Barry and Margaret Wilmshurst
Thu 13 Sep 2012 12:28
It has been a good two weeks. Jim arrived on Saturday and has been accommodating himself to the rhythm of the boat. Small adjustments have had to be made all round but at least as far as life at anchor is concerned we can say that things are going very well indeed. We are all optimistic for a great time over the next weeks.
Saturday provided the first opportunity to sample the fleshpots of West Island. There weren’t many. Because there was no ferry scheduled for Direction Island after the time of the plane’s arrival we had to take the dinghy to Home Island. It took 35 minutes but the wind had moderated for a couple of days so the ride was not wet. We took the ferry across to West and caught the little bus into the settlement in time for a late lunch, but there was no eatery open on a Saturday. Nor was the internet facility available. We did some shopping in the “supermarket” but as the supply ship had not yet unloaded after arriving a month late, that was not very exciting either. John, our kite-surfing friend from Quantum Leap, was flying out on “Jim’s” plane and we enquired whether there was anywhere to sit down in the Arrivals Hall of Cocos International. We were told that there was a comfortable bench under a large tree in the shade. It was comfortable and we had a jolly time. Mags wandered off to inspect the first fairway of the golf course which crosses the runway; the tee is on one side, the green the other. But eventually we became a little anxious because the plane was over an hour late and we had been told by a policeman that the ferry waited for no man. The ferry departure time came and went but at last our friend came into view down the steps from a smart red Virgin Blue 737. We needn’t have worried - half the airport ground staff, six or seven people, live on Home Island and the ferry always waits for them or comes back. We caught the bus and the ferry, picked up our dinghy, and loaded ourselves, our substantial guest, his luggage (very moderate and sailorly) and the shopping and set off, packed to the gunnels in the gathering dusk. We found JJ Moon in the gloom – just.
Jim has been invaluable in helping with the usual small jobs about the boat. These have included a ticklish piece of soldering (we were pleased to be complimented by the expert on our natty gas-fired soldering iron) and the water-maker had to be taken out again.
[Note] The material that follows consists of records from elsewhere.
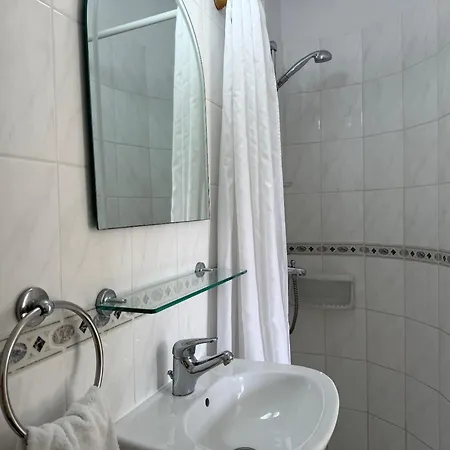 Apartment Regina Gardens - Spacious 2bed, 2bath, Sea Views, Pool, Terrace Paphos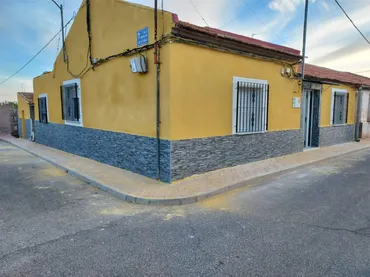 Chalet en  Calle de la Libertad 4 - Foto 1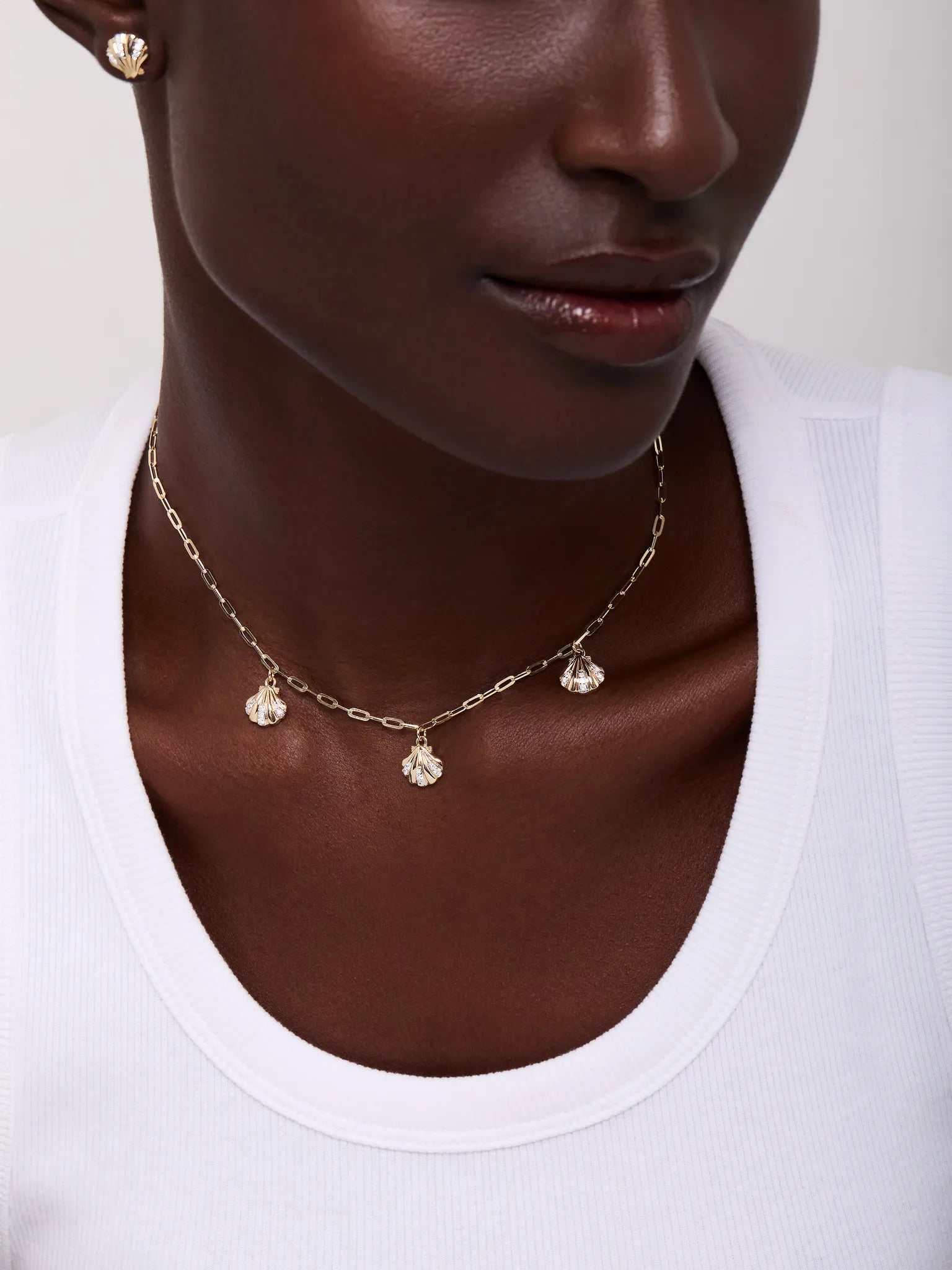 14kt 3 Petite Venus Shell Necklace — фото 3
This was a job I thought would take all day but it was back in satisfactory operation within two hours.
More illegal would-be immigrants have arrived and more Sri Lankan fishing boats have been burnt. A few days ago a decrepit craft arrived with 100 passengers. Contrary to the duff gen I promulgated in the previous blog we understand from a friendly policeman that approximately 80% of applications are eventually successful. No wonder they keep coming at AUD 4000 a head. The Liberal federal government’s relaxed attitude has created a mini-crisis – Cocos has had to bring in additional law-enforcement officers to cope.
But it’s all interesting to the idle yachtie. We have had a very good time here. It is an unusual place and a great contrast with our recent stops. Somewhat against my stuffy nature we have joined the local custom of carving our ship’s name on a piece of driftwood, in our case a length of bamboo, and hung it from a palm tree for the benefit of posterity. Hm. It’s nice artistic work though; another of Jim’s talents.
We plan to sail tomorrow morning and hope to reach Rodrigues in the Mascarenes in about 13 days.